Authorize retainer payments to maintain community placements: When people who use community-based services, such as attendant care or supported-living services, are hospitalized for long periods, their community services may lapse before they come home. Many people find themselves discharged only to learn that their personal-care attendants have found other jobs or that their group home has filled their slot with someone else.

These outcomes could easily become permanent, as housing and services are difficult to reestablish once lost and could result in the person with the disability becoming institutionalized.

Governments should plan to use ‘retainer payments’ to pay community-based service providers while people with disabilities are in the hospital. This approach would prevent people with disabilities from being institutionalized when they leave the hospital.

Paid sick leave for support workers: Paid sick leave should be a right for all workers whose lives are being disrupted by this crisis. It is particularly important for workers delivering services to high-risk populations, such as people with disabilities.

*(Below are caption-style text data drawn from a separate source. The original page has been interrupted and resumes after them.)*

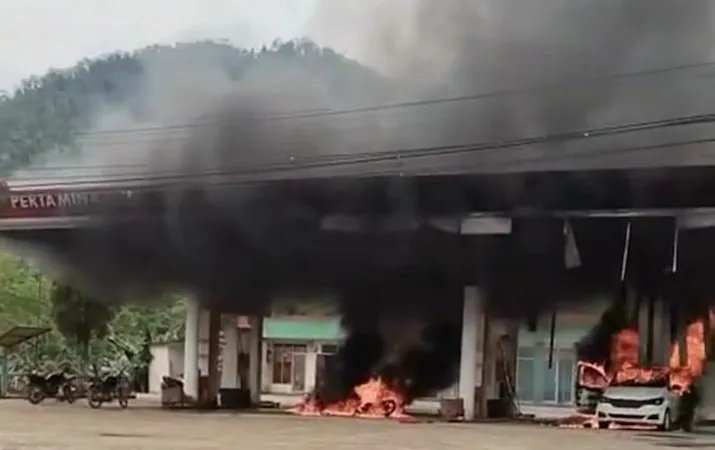 Dua Kendaraan Hangus Terbakar di SPBU Andowia Konawe Utara, Satu Anggota Polisi Alami Luka Bakar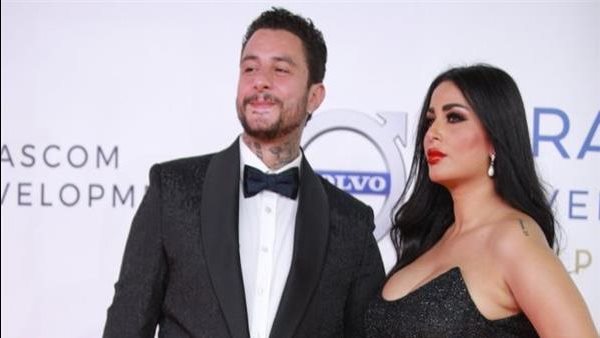 ندى الكامل زوجها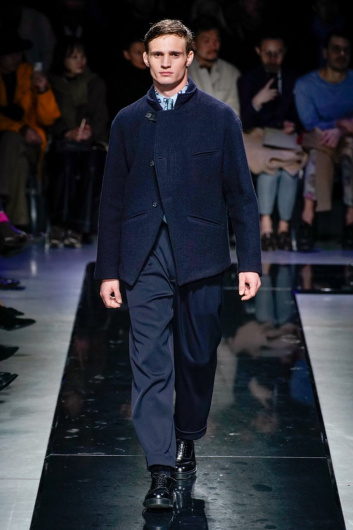 Fotoservizio/FW 19-20/WOMEN/SFILATA/GIORGIO ARMANI/DP2/3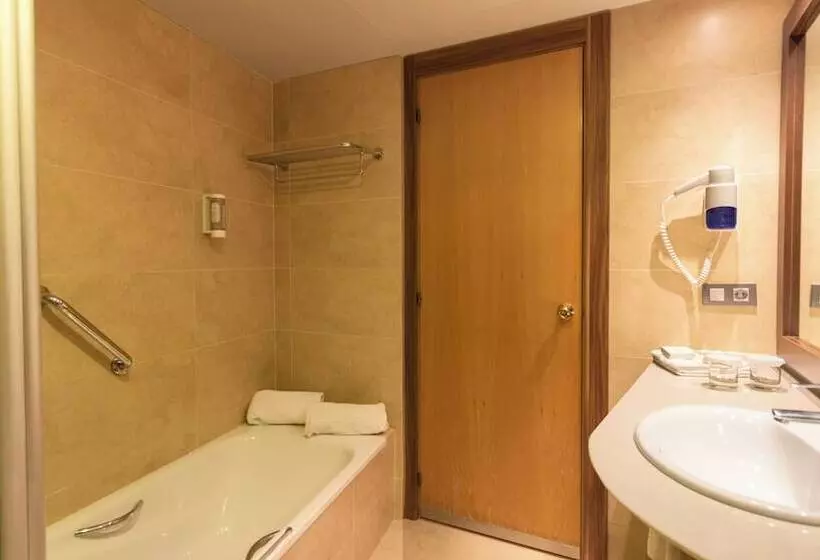 سوییت خانوادگی, Golden Avenida Family Suites 4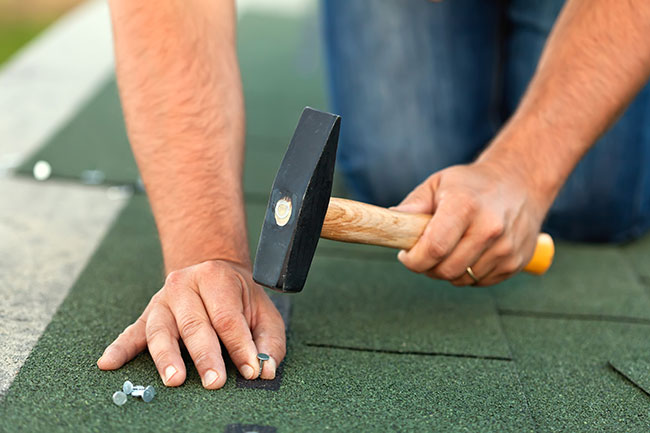 worker-hands-shingles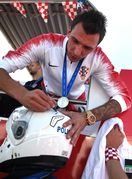 Mario Mandžukić potpisuje kacigu policajcu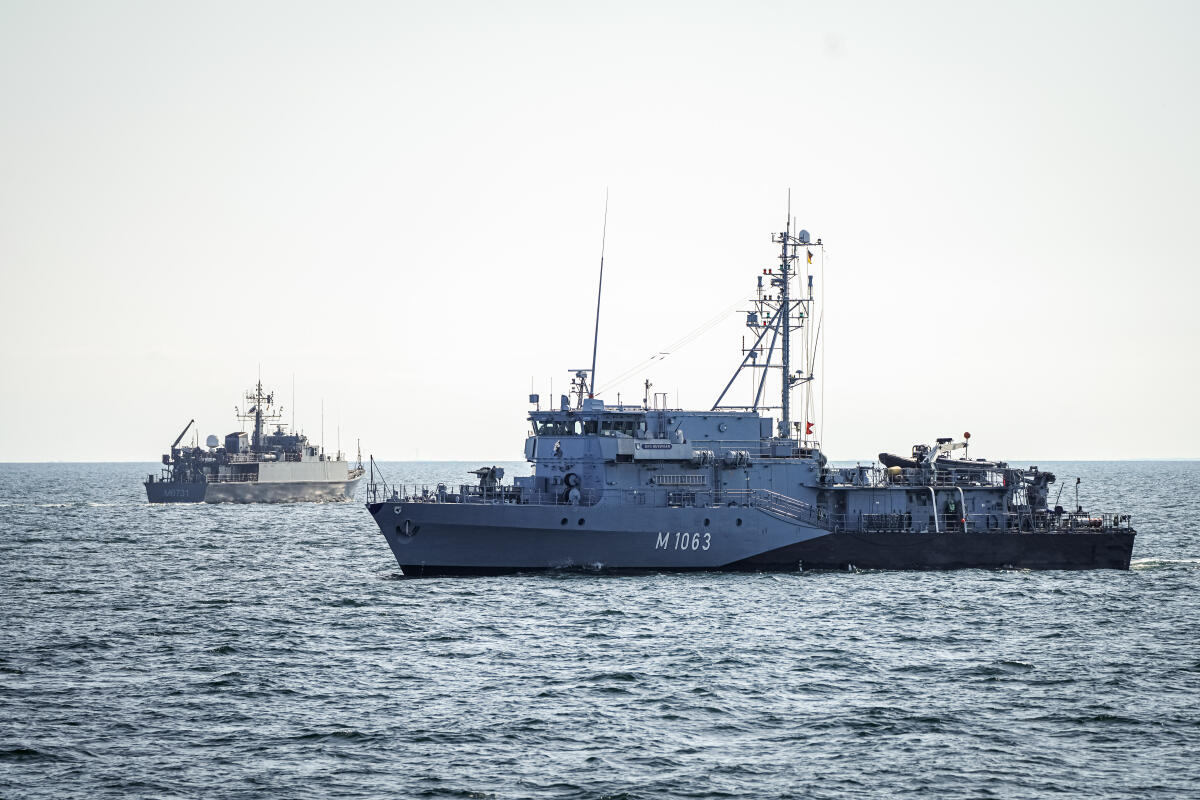 Das Minenjadgboot M 1063 Bad Bevensen fährt gemeinsam mit einem Minenjadgboot der estnischen Marine durch die Kieler Förde während der Übung Northern Coasts 2024.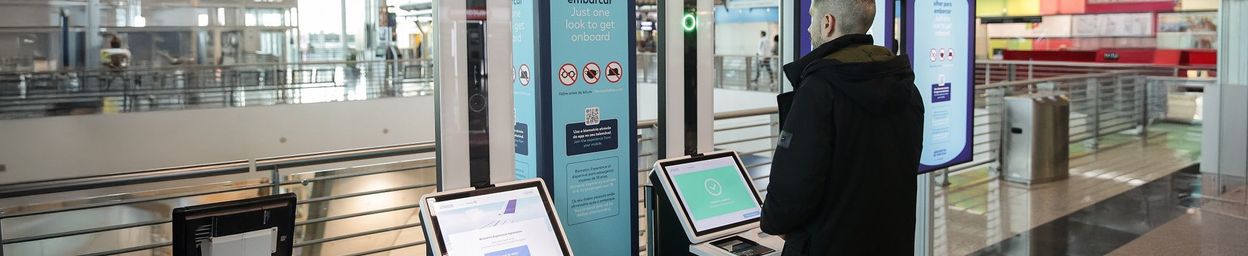 Ekrany dotykowe do kontroli dostępu i identyfikacji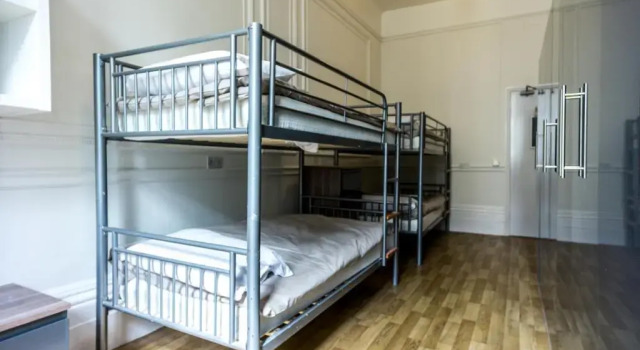 Четырёхместный номер Standard Sandeman-Allen Hostel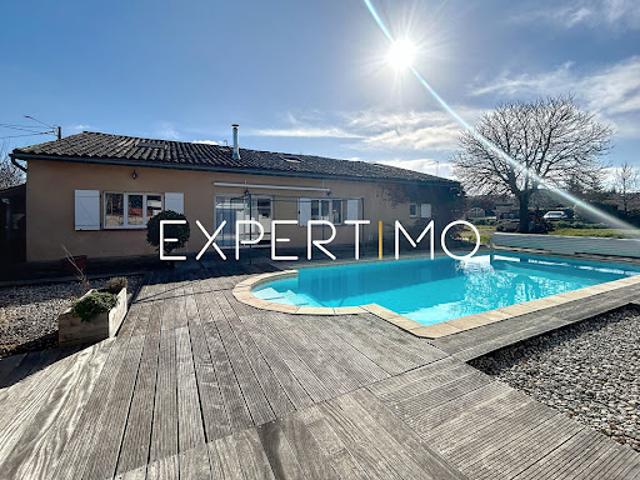 Vente Maison 8 pièces 240 m2 Ayguesvives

This will not only prevent support workers and their families from suffering economic hardship, it will also help protect people with disabilities from contracting the virus, because their support workers will not feel pressured to work while sick.

Avoid ‘temporary’ institutional placements: In prior crises, such as hurricanes and other natural disasters, people with disabilities in many states have been moved from the community into nursing homes and other institutional settings, ostensibly on a temporary basis. But too often, these ‘temporary’ placements become permanent ones through simple inertia.

People with disabilities have a right to live in the community.

Governments should avoid institutional settings to house those displaced by the pandemic, even on a temporary basis. If they do use this option, they should articulate a plan for returning individuals to the community and ensuring that they do not lose their community provider relationships.

Ensure continued oversight of nursing homes, group homes and institutions: Guidance from the U.S. Centers for Disease Control and Prevention restricts all visitation to nursing homes except for end-of-life situations. Many other institutions, group homes and other group residences have also severely restricted visitation from family and friends.

People with disabilities in these settings face a double risk: the increased possibility of infection, and the risk of abuse and neglect as a result of lax external oversight.

To mitigate these risks, governments should allow people responsible for protecting the rights of the residents to enter them even during the pandemic, as the state of Oregon has.

All of these changes must happen as quickly as possible to save lives during this pandemic.

We are in a time of unprecedented crisis, beyond anything any of us have seen in our lifetimes. As the world scrambles, it is our sacred responsibility to ensure that people with disabilities are not left behind.

Ari Ne’eman is a visiting scholar at the Lurie Institute for Disability Policy at Brandeis University in Waltham, Massachusetts, and a doctoral student in health policy at Harvard University. He served as executive director of the Autistic Self Advocacy Network from 2006 to 2016.